The chairman of the influential U.S. Senate Armed Services Committee on Monday criticized the Obama administration for delaying further "freedom of navigation" patrols within 12 nautical miles of islands built by China in the South China Sea.
Senator John McCain said in a statement that the lack of U.S. action was allowing China to continue to "pursue its territorial ambitions" in the region, most recently by landing a plane on a man-made island in the Spratly Islands archipelago on Saturday.
McCain said the lack of additional U.S. patrols last year was "disappointing yet hardly surprising." He said the Obama administration was "either unable to manage the complexities of interagency national security decision-making or simply too risk averse to do what is necessary to safeguard the rules-based order in the Asia-Pacific."
Analysts say China's increasing military presence in the disputed sea could ultimately lead to a Beijing-controlled air defense zone, ratcheting up tensions with other claimants and the United States.
U.S. State Department spokesman John Kirby on Monday said China's first landing of a plane on an island in the disputed region "raises tensions and threatens regional stability."
"We again call for all claimants to halt land reclamation and further development of new facilities and militarization on their outposts and instead focus on reaching agreement on acceptable behavior in disputed areas," he told reporters.
U.S. officials remain committed to carrying out further "freedom of navigation" patrols near the dispute islands, but are still debating the timing of another patrol, said one U.S. defense official, who was not authorized to speak publicly.
"The question is do we want to escalate the situation and ratchet it up?" said the official.
U.S. Defense Secretary Ash Carter told McCain in a letter dated Dec. 21 that the Navy conducted a previous patrol in October to be "lawful under all possible scenarios" given ambiguities about whether certain islands in the region are entitled to a territorial sea.
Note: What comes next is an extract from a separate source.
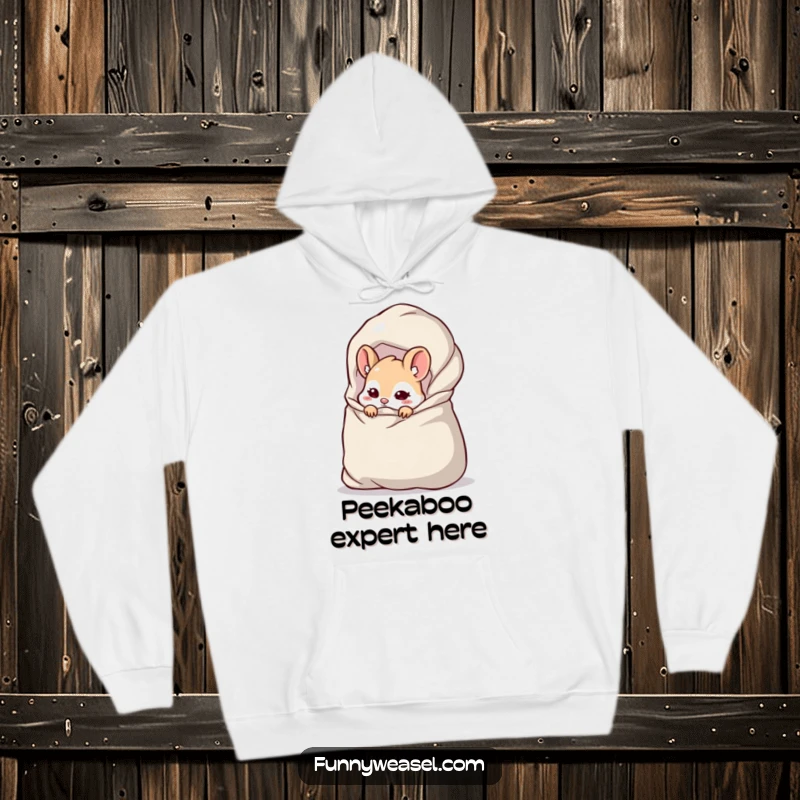 Funny Weasel Hoodie featuring a cheeky weasel peeking from a large, overflowing bag, symbolizing playful secrecy and warmth.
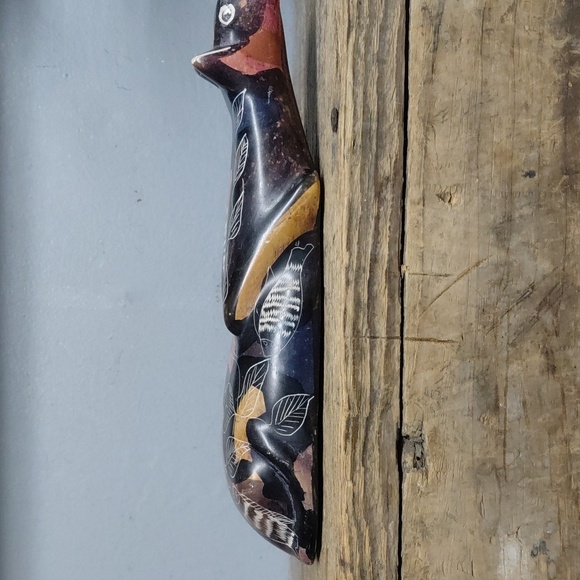 Vintage Hand Carved Soapstone Kenyan Cat Figurine - Picture 3 of 6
He said the United States would continue to "fly, sail and operate wherever international law allows."
Carter said the Oct. 27 patrol included a continuous transit consistent with what is known as the "right of innocent passage," which applies only in a territorial sea, and with "freedom of navigation," which applies beyond those limits.
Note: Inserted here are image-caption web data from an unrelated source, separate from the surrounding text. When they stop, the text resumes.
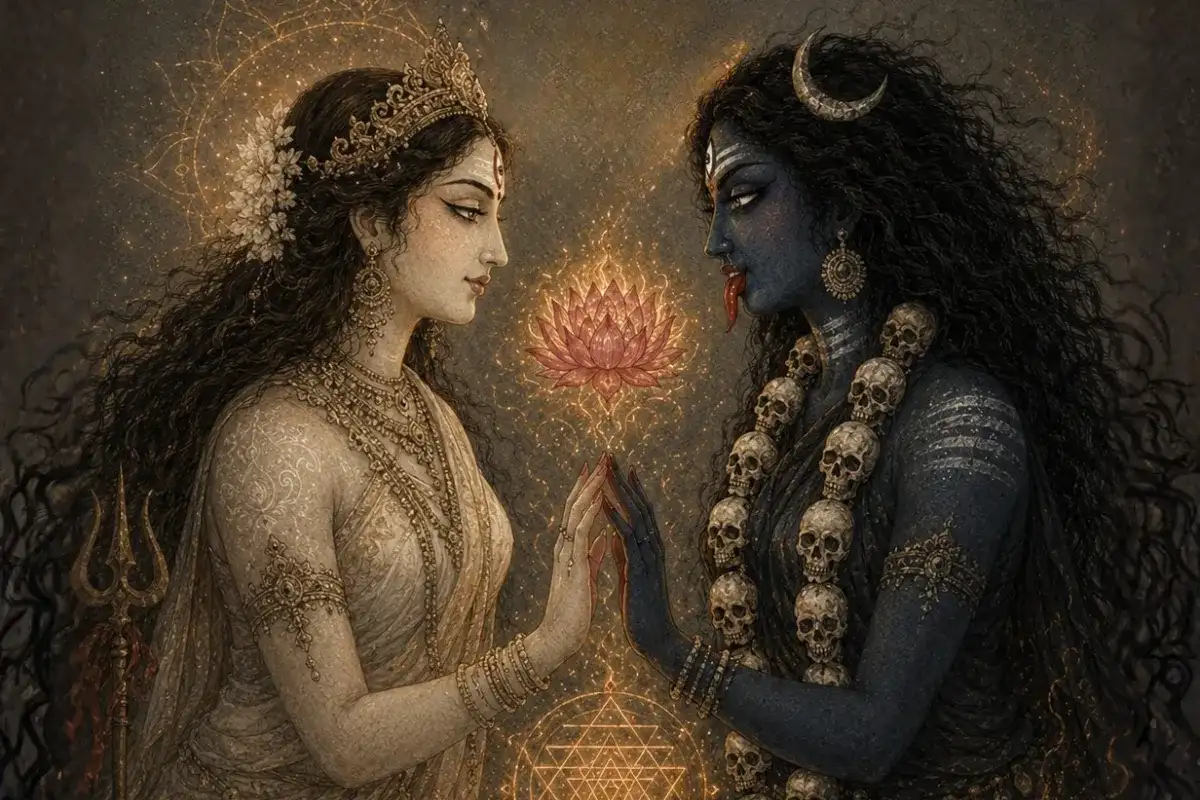 A visual representation of a softer goddess like Gauri Devi alongside Devi Kali, illustrating the recommended spiritual progression for seekers building their inner foundation.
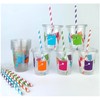 Paint Party Supplies Plastic Disposable Cup Set with Lids &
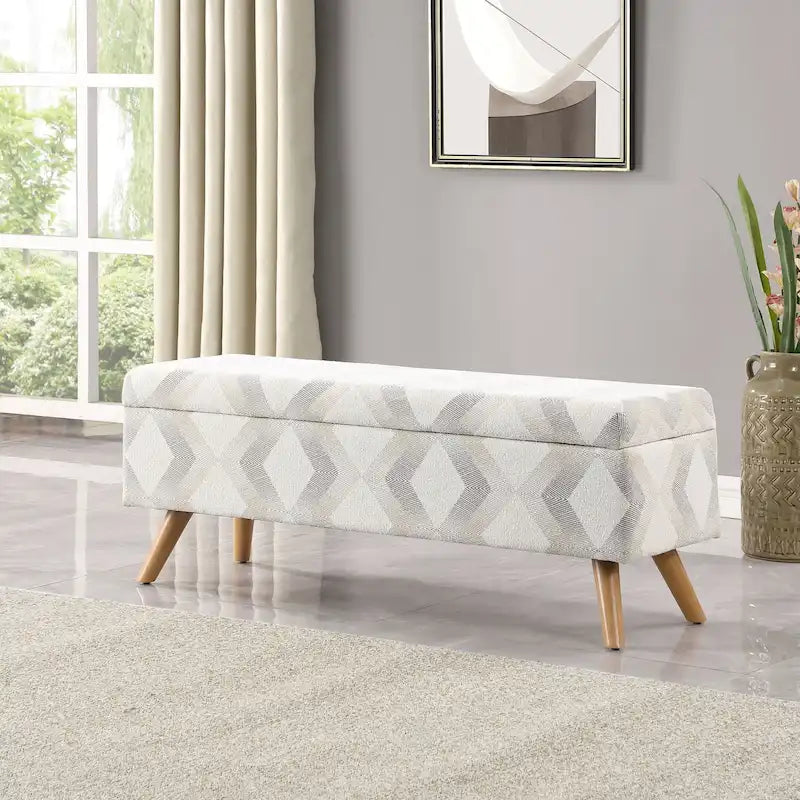 Modern Storage Bench with Wood Legs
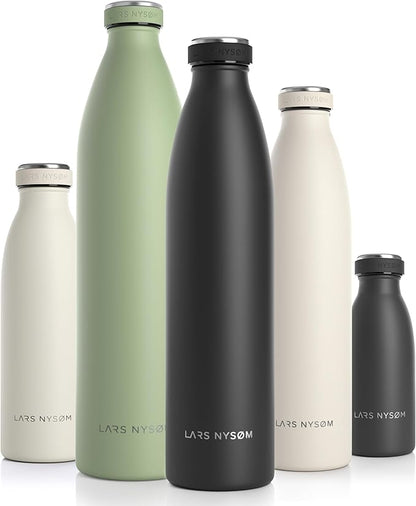 LARS NYSØM Stainless Steel Insulated Water Bottle 12oz 17oz 25oz 34oz 51oz | BPA-free Insulated Thermo Flask for Hot and Cold Beverages | Leakproof Drinking Bottle (Onyx Black, 34oz)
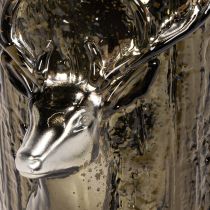 Artikel Windlicht Glas Hirschkopf Baumrelief 26cm Grünbraun Innenbereich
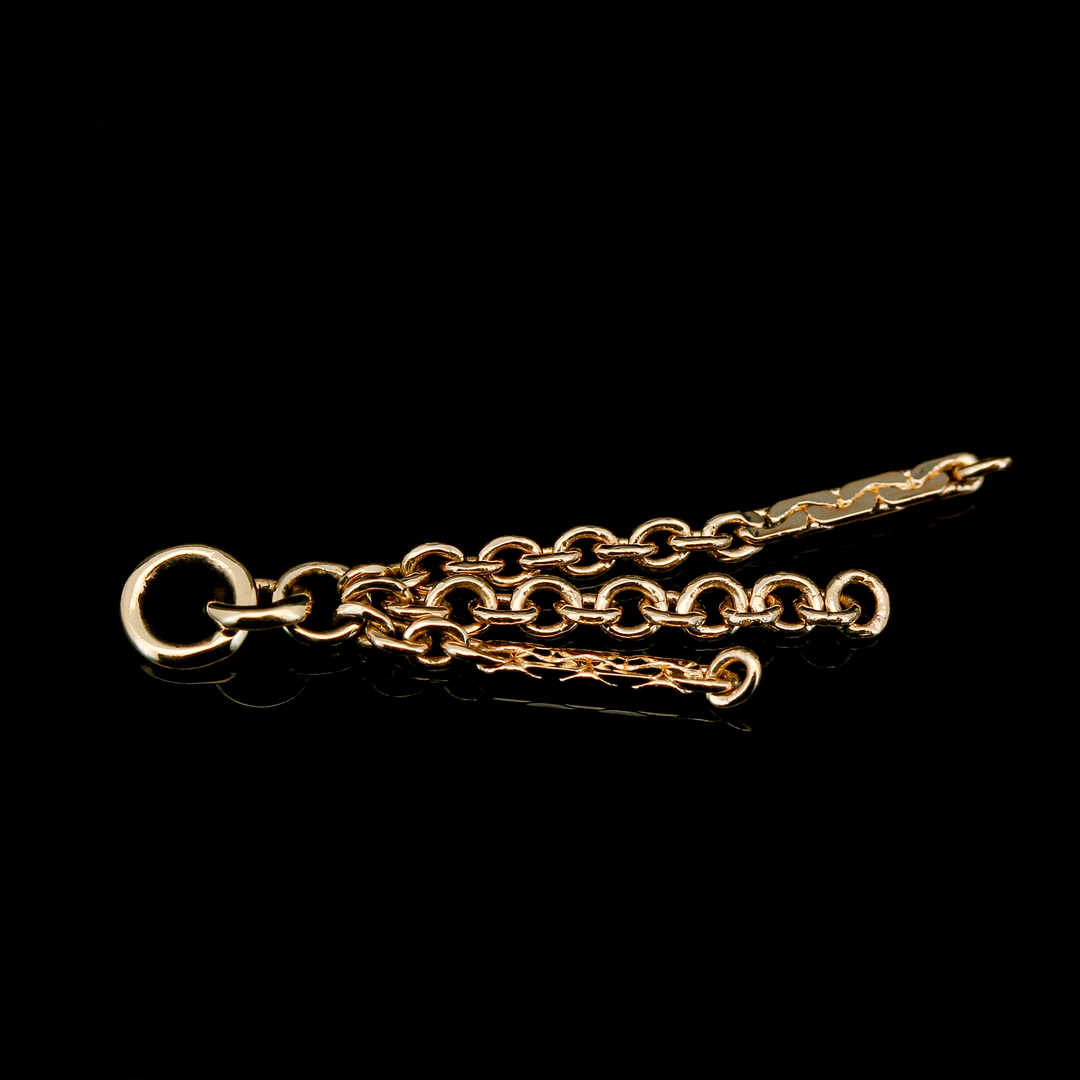 Yellow Gold Triple Dap Chain Charm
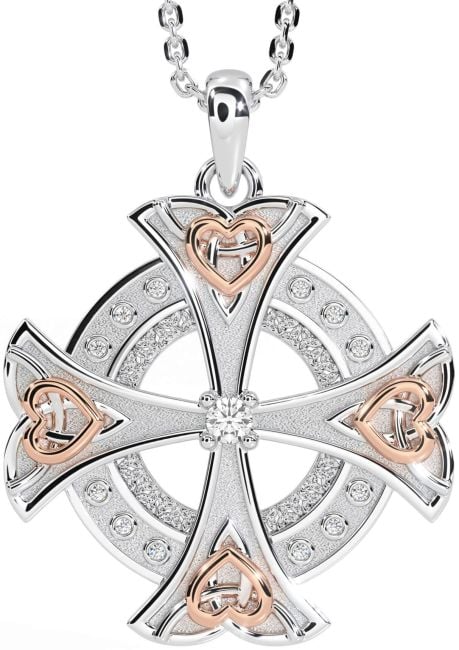 Diamond Rose Gold Silver Celtic Cross Heart Necklace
At the time, critics said the destroyer Lassen's decision to conduct an "innocent passage" by skipping military drills could have actually reinforced China's claim to sovereignty over the islands.
Such passage can only take place in waters belonging to another country.
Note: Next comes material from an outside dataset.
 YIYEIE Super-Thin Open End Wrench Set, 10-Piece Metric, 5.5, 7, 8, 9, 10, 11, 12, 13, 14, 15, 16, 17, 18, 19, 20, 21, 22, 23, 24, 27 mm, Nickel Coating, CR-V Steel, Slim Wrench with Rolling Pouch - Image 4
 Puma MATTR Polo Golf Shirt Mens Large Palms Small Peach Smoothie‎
Carter said the patrol was not meant to challenge any claims of sovereignty, but to challenge attempts by the countries involved to restrict navigation rights and to require prior notification of transits.
He said U.S. officials did not notify any of the countries prior to the transit patrol.
Washington argues that islands China has built up in the South China Sea are not entitled to a territorial limit under international law as they used to be underwater at high tide.
China argues that the islands would be used mainly for civilian use, such as coast guard activity and fishing research.